Reserve a pan of beeswax for cleaning/coating cups. Propolis and pollen will darken the wax. The wax can be strained to remove larger debris. And it can be run through a hot grease filter which is used to strain fryer oil and is available through commercial kitchen suppliers. That will remove the pollen and most of the propolis as well as lighten the wax.

I would usually process a couple thousand cups this way. But it should work great on a much smaller scale as well.

Regards
Dennis
Thinking faster than one day delivery will cost extra :>)


----------



## WVbeekeeper (Jun 4, 2007)

ian m davison said:


> Hi all
> 
> https://secure.thorne.co.uk/cgi-bin...spage&THISPAGE=page22.html&ORDER_ID=192752326
> 
> ...


Thanks, Ian. Ive been looking for those nursery frames and wooden cell 
cups ever since I seen them in use on that German queen rearing video.
I'm going to order two of the nursery frames with cages for use this 
upcoming year. I don't think I'm built up enough to handle raising more 
than 40 queens at a time. I'm still making my mini nucs when I have time
so I'll have enough when I need them.


----------



## Michael Bush (Aug 2, 2002)

>How do you coat them?

I made a basket out of #8 hardware cloth and put the cups in there and swished them through the wax and then dumped them on some foil and stirred them around until "dry".


----------



## Velbert (Mar 19, 2006)

*size*

3/8" works great 


I would use Capping wax for the queen cell cups *(old dark brood combs will work great if you have not used any chemicals for mite control)*


----------



## BWrangler (Aug 14, 2002)

Hi Guys,

Great and very important point. Thanks Velbert. I'd forgot to mention it.

Coumophos is especially bad. Personal experience: I was contract rearing queens for a commercial beekeeper on condition that he hadn't use Coumophos in any hive used for queen rearing. He assured me that he had several yards that hadn't been treated and that he didn't use Checkmite. So, I went to work.

It takes about a brood cycle and a half to get a standard yard ready for sustained commercial queen rearing. After that, the bees looked good and I started grafting.

I usually graft less on the first round and then ramp up on the second round.

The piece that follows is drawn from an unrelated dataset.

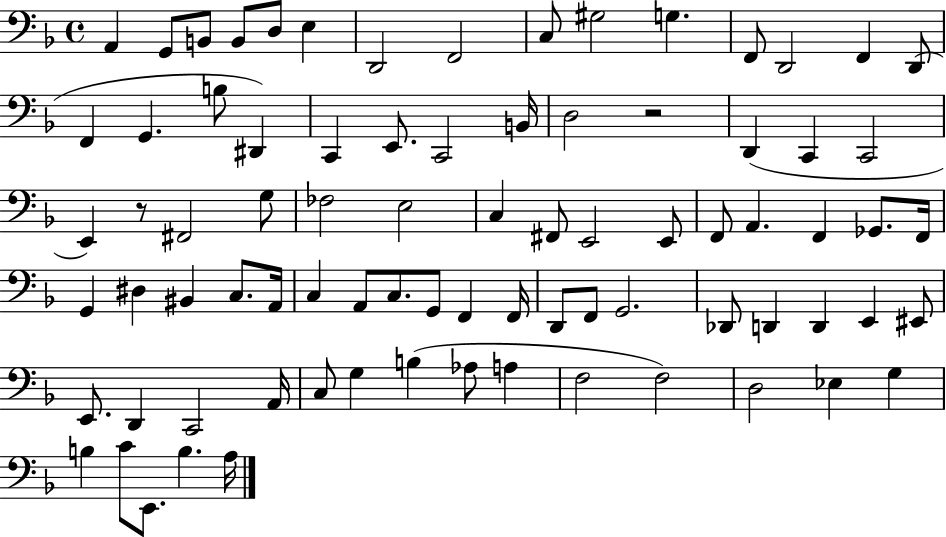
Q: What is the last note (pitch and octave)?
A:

I grafted 600 cups . Four days later, I grafted a full round of about 1000 cups but was shocked to find that out of the first 600, there was about 20 accepted!!! What to do? I put the grafted cups in.

Returning on day 11 to incubate the first round, I found 8 cups had been accepted in the second batch!!!! 28 out of 1600 isn't anywhere near 90 percent. I'd never experienced anything like it. That's a very poor return on a months investment and labor. I shut the operation down.

Guess what I saw in the commercial beeks shop when I informed him of my decision? A head high stack of empty Checkmite boxes and a couple of boxes of pulled strips. Bet I know where those pulled strips came from. And even worse, I bet I know where the remaining strips still were at. In those honey producing colonies that's where!

Out of the 28 only two mated successfully. And if research is correct, I bet they didn't last very long before they were superceded.

That was the end of my commercial queen rearing. And my end with commercial beekeeping.

Regards
Dennis
Thinking a wise beekeeper will measure queen acceptance 6 months after introduction rather than two weeks.


----------



## fat/beeman (Aug 23, 2002)

*no=strips*

I found that queens did lot better without the strips back in 1990"s so I went no treatments and found the rates of acceptence went up also.by replaceint all my foundations with new it also helped. now in 2007 found the rate is up 80%and better. the queens reared from this I found they lasted lot longer some 3=4 yrs as reported to me by the buyers. so you can raise queens but not in large numbers.
Don=========merry christmas


----------



## JohnBeeMan (Feb 24, 2004)

I tried my first attempts at making wax cups today. I found the biggiest difficulty in depth of dipping. I guess this will come with experience.

I was using a double boiler method to melt the capping wax. I found that this tends to get the wax a liitle too hot and the cups where on the thin side and hard to get off the dowels. 

I then got the idea of moving the inside pot over to the automatic coffie burner (which always stays below boiling point). Once I did this I was able to get nice thick wax cups which were easy to get off the dowells without distorting their shape. 

I am using a cast iron type double boiler so I can remove it from heat and get quite a few dippings before there is much of a temperature change in the wax. It appears as if the best dippings come just befor ethe wax jells over.


----------



## BEES4U (Oct 10, 2007)

*Soap Is Used*

Use some IVORY bar soap and it will work fine. I just took you back to the early years of queen production
I think that the liwuid Ivory dish soap will work. Check it for additives,
Good Luck,
Ernie


----------



## BEES4U (Oct 10, 2007)

*Wax For Cell Cups*

Save all of your natural comb from either a swarm or offer the bees a 1 to 2" strip of thin surplus foundat and attache it to the top bar. Place it in the grooved top bar and add some melted wax to hold it in place. Let the bees draw it out on a spring honey flow. Let the bees add their comb to the foundation until the frames is about 2/3 drawn out. Remove the nice new frame containing honey and wax. Place this comb on the hive entrance at about 3-4:00 PM and let the bees transfer the honey out. Next morning remove the frame and harvest you chemical free wax.
I read an article that was documented. The chemical used for mite control progressively reduced the weight of the virgin queen in direct proportion to the ppm concentration of the miticide. Good Science & Good Application so that we now know. That is why I use plastic cell cups from Mann Lake!
Good Luck,
Ernie


----------